I would love if Linux was as easy to use, but my personal experience is quite the contrary.
Sure it is easy to set up and get running, but windows is even easier , and then the breaking happens... inevitable and everything time.
Interestingly enough, the exact opposite happens to me. Just about every time I use Windows, it breaks horribly somehow and I can never seem to fix it without a complete reinstall. There's just no way to get into its innards to fix things.
I've never had that kind of problem on Linux.
I imagine this sort of thing comes down to what platform you know.
Can confirm; this is exactly why I switched to Linux. After my fifth-ish reinstallation of Windows, Microsoft pushed an update that caused the OS to use 80-90% of my CPU and I couldn't fix it because they locked down the service that was doing it despite it being entirely unrelated to my use of the computer (it was an Edge-related service that scanned web traffic for "optimization" if I remember right - one of those where Microsoft says "it's necessary but we won't tell you what it is and it wasn't in the OS before a couple months ago").
Quite true.
I'm curious, what distro where you running? And do you run on hardware that's known to be incompatible with Linux?
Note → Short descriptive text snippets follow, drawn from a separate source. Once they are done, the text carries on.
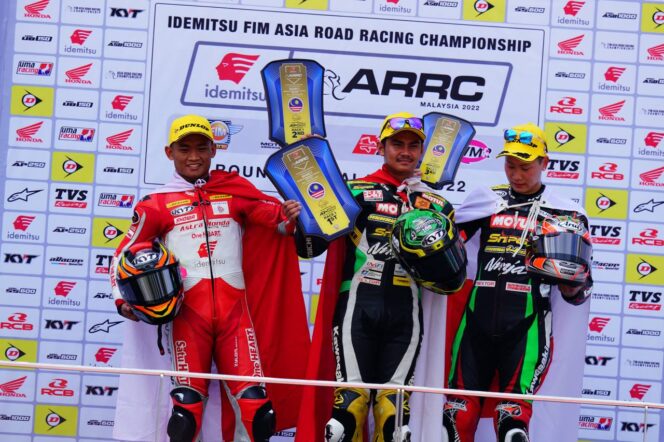
Rheza Raih Podium, Merah Putih Kembali Berkibar di ARRC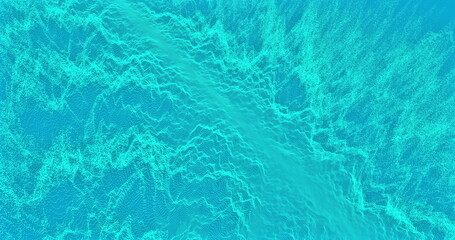Image of glowing light trails moving over blue background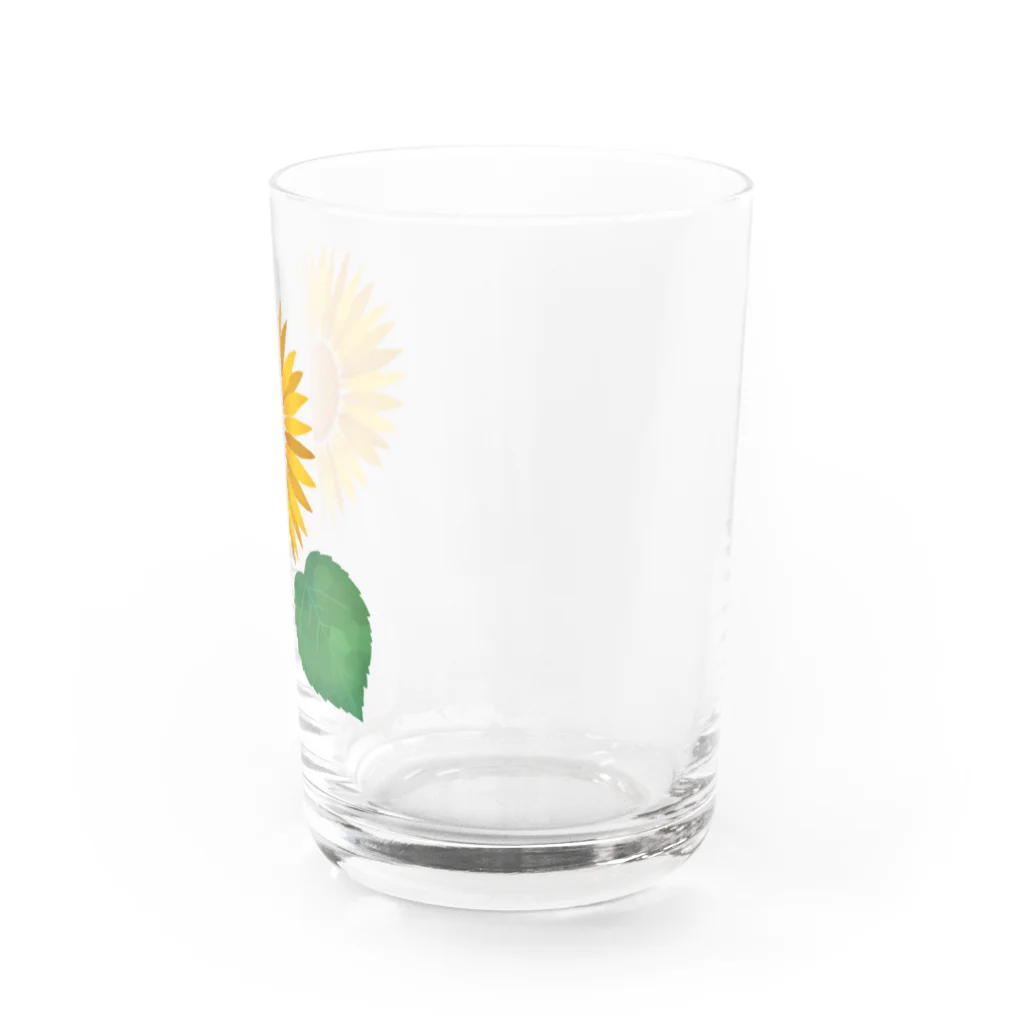 やんぐすけーるのやんぐすけーる・ひまわり葉付き Water Glass :right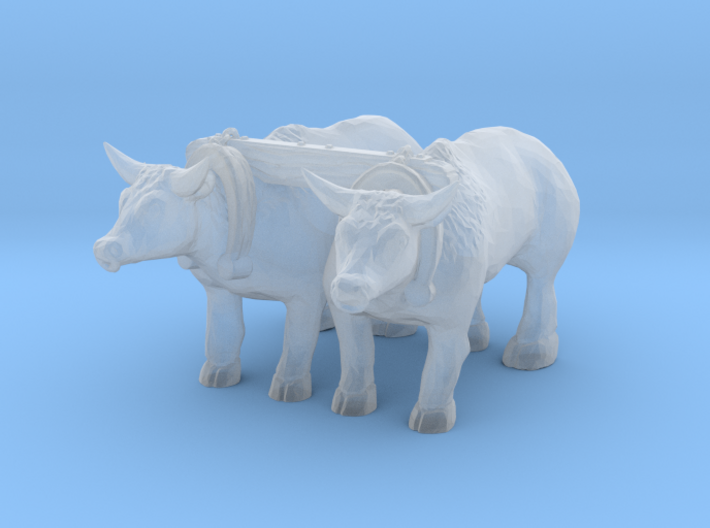 TT Scale Oxen 3d printed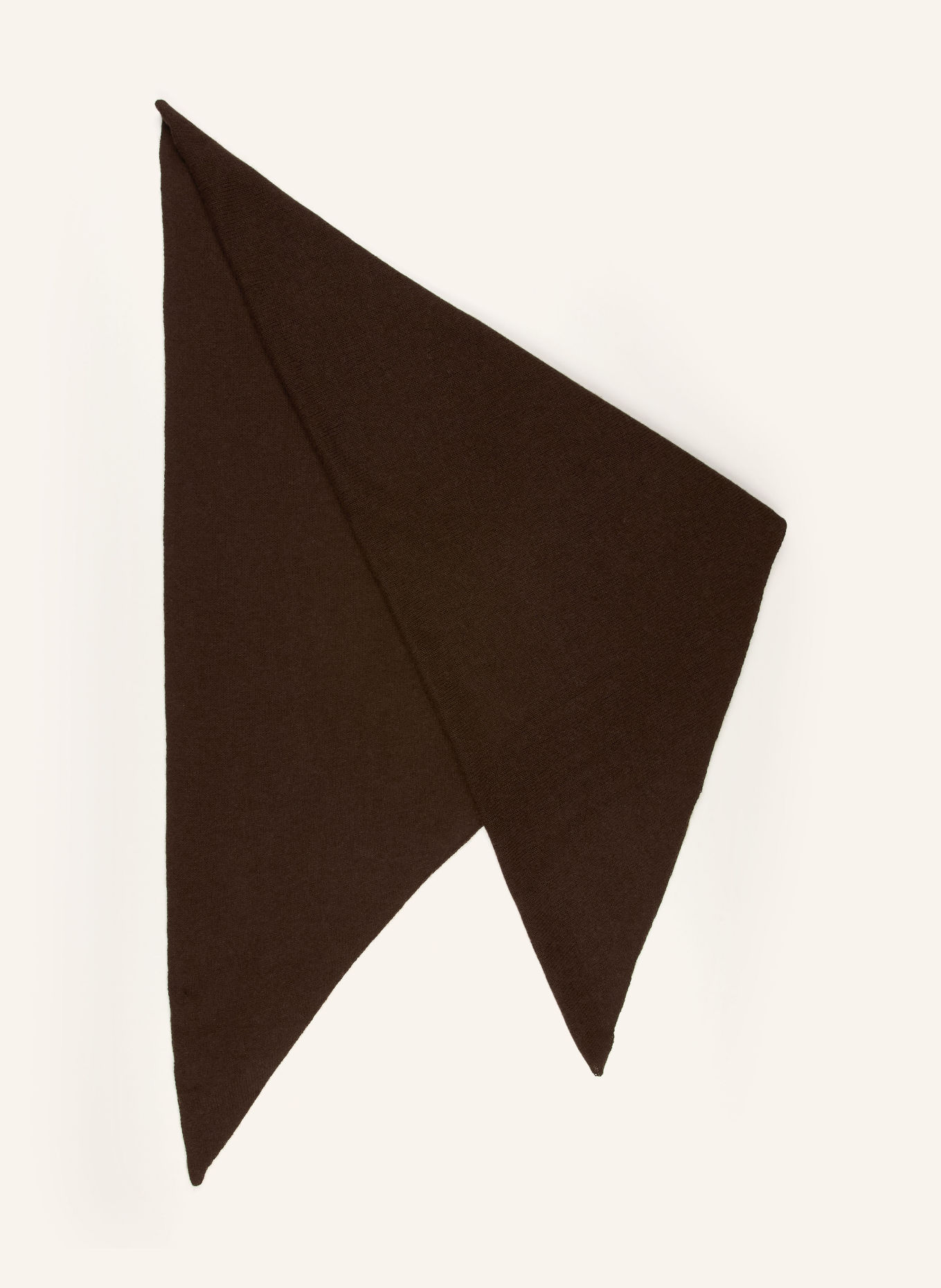 darling harbour Triangular scarf with cashmere: DARK BROWN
I'm happy to help you get started, or at least sort out if Linux is the right fit for you.
funny how peoples experience differs. Been using linux for years, and never had something break in a major way. I understand your point but would encourage you to try again someday.
Never had something break on Linux that was not my fault (outside of running hardware so old I had to fix some boot options). Meanwhile, using Windows feels like I'm back at my bug test job. Issues persist for years with no solution!
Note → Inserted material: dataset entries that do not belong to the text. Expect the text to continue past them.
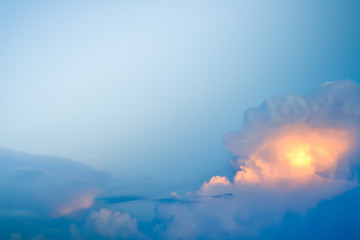 landscape of clouds in the blue sky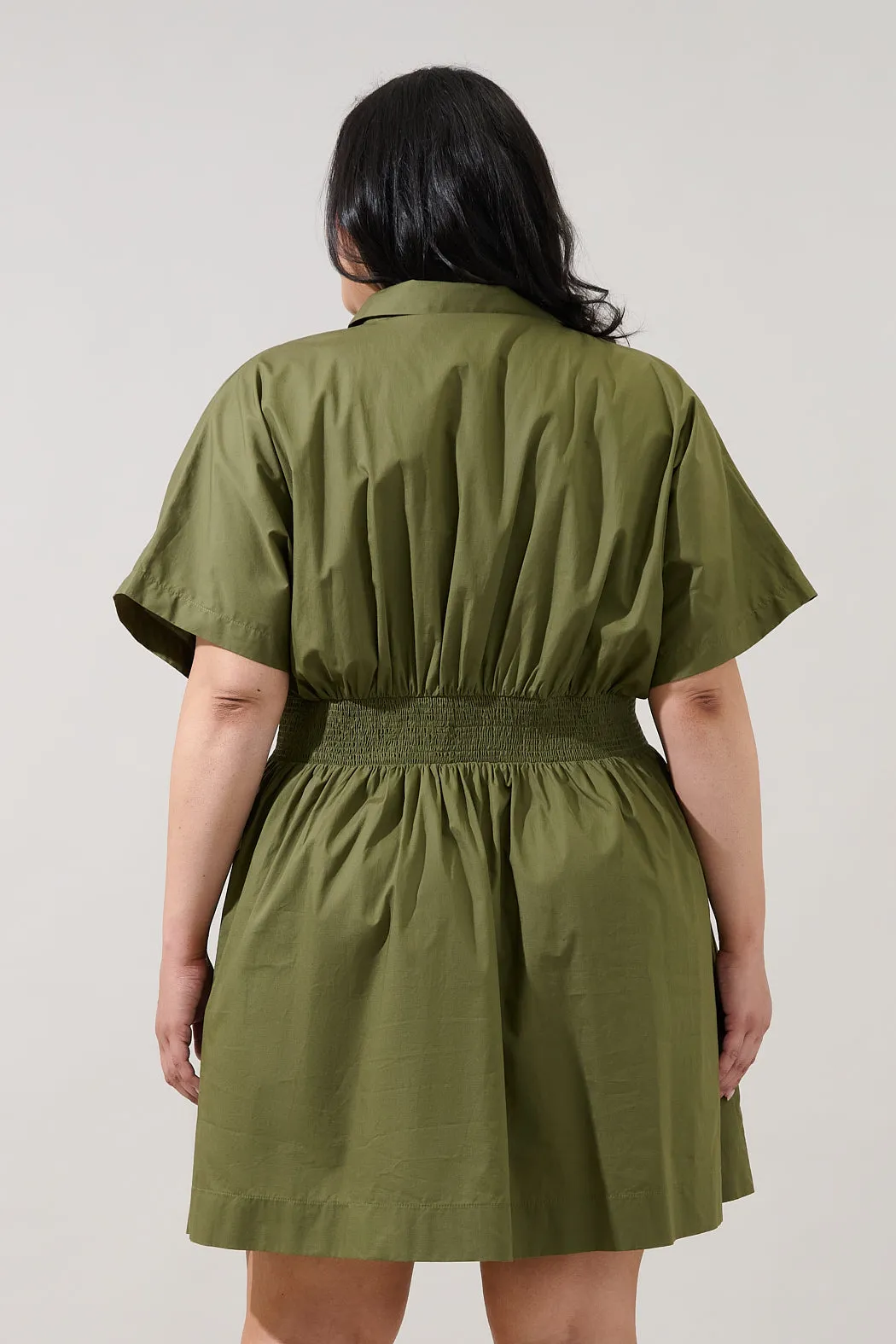 Alix Button Down Mini Dress Curve sold by Sugarlips product image thumbnail 2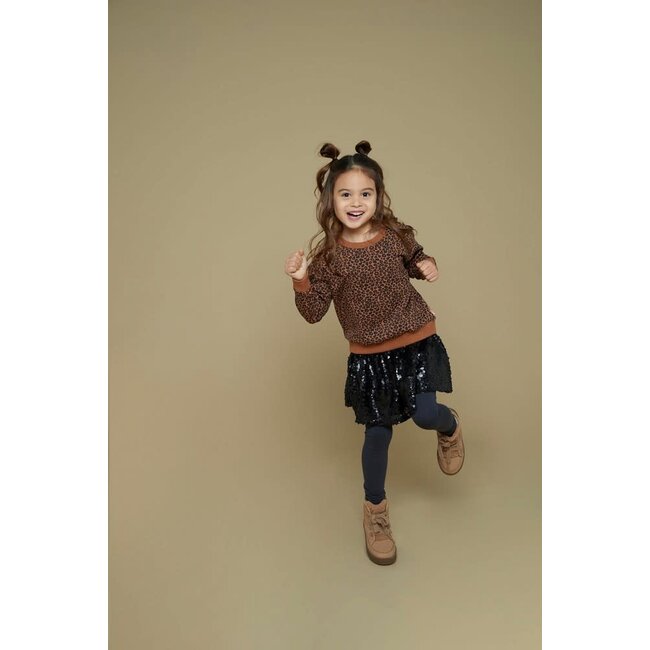 Jubel - Sweater AOP Bruin - Queen Of Hearts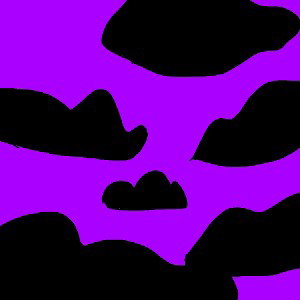 purple skies and black clouds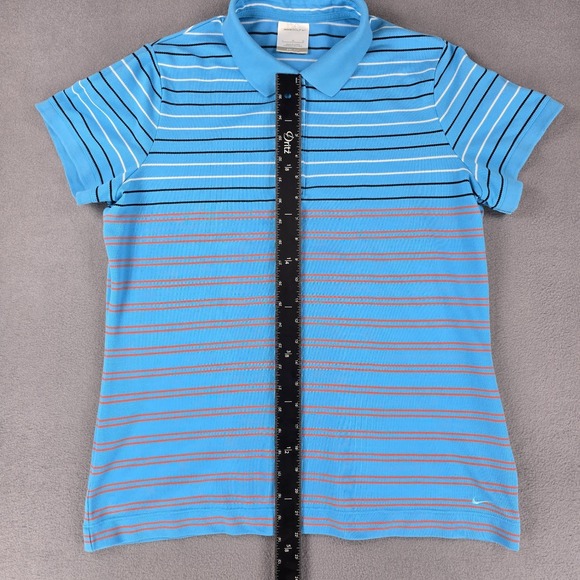 Nike‎ Golf Shirt Dri Fit Womans Size L Short Sleeve 1501 Dry Golfcore - Picture 9 of 13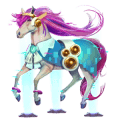 unicorn pony cremello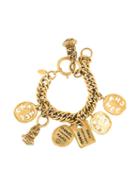 Chanel Vintage Charm Bracelet, Metallic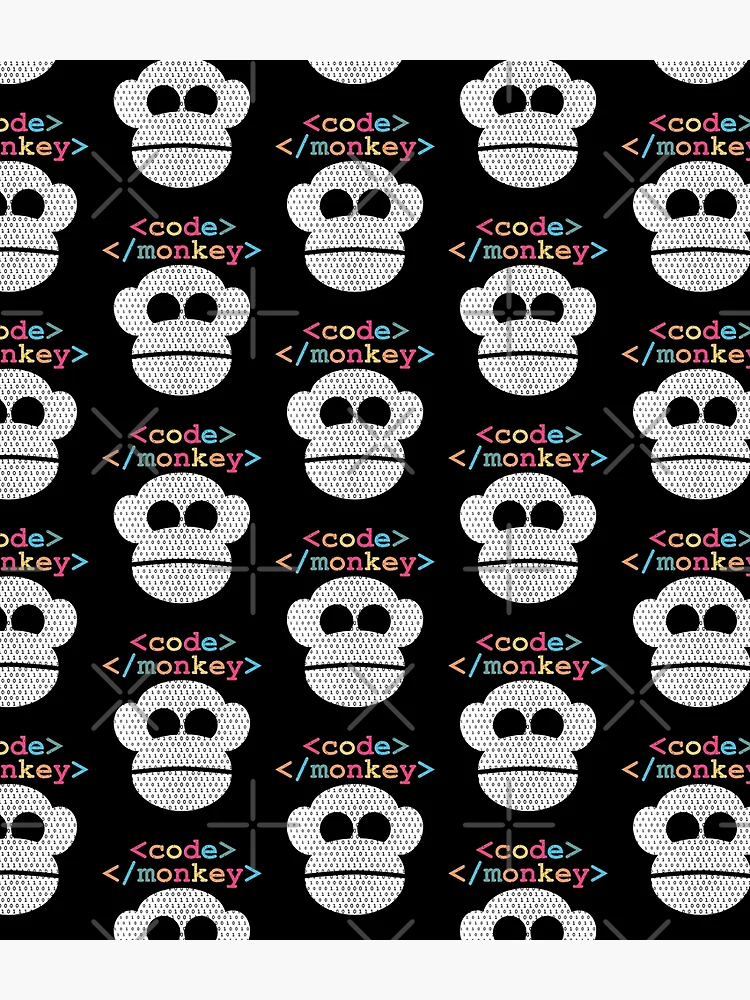 Thumbnail 3 of 3, Backpack, Code Monkey Developer Data designed and sold by d247.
Yeah, I've run on some old as dirt hardware and the only non recoverable issues I've had would cripple any OS because they were hardware failures.
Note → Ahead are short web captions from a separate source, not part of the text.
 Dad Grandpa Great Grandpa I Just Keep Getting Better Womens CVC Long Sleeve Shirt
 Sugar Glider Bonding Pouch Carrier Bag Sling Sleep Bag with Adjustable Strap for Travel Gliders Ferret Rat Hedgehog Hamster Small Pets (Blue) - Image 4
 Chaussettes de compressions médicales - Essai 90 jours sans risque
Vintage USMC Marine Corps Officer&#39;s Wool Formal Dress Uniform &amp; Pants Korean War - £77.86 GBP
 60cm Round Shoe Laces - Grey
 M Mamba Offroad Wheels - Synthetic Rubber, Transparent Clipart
If you'd be open to try Linux again if it were less likely to break than your past experience, look into the recent trend of what they commonly call "immutable" distributions. This should give you the ability to always switch back to a working OS if anything goes wrong (which should be much less likely in the first place). It's similar in concept to Android or Chrome OS, from what I understand. I'm watching this space very closely because I'm concerned about experiencing the same thing as you if I switch to Linux, and not having the ability to fix the system myself.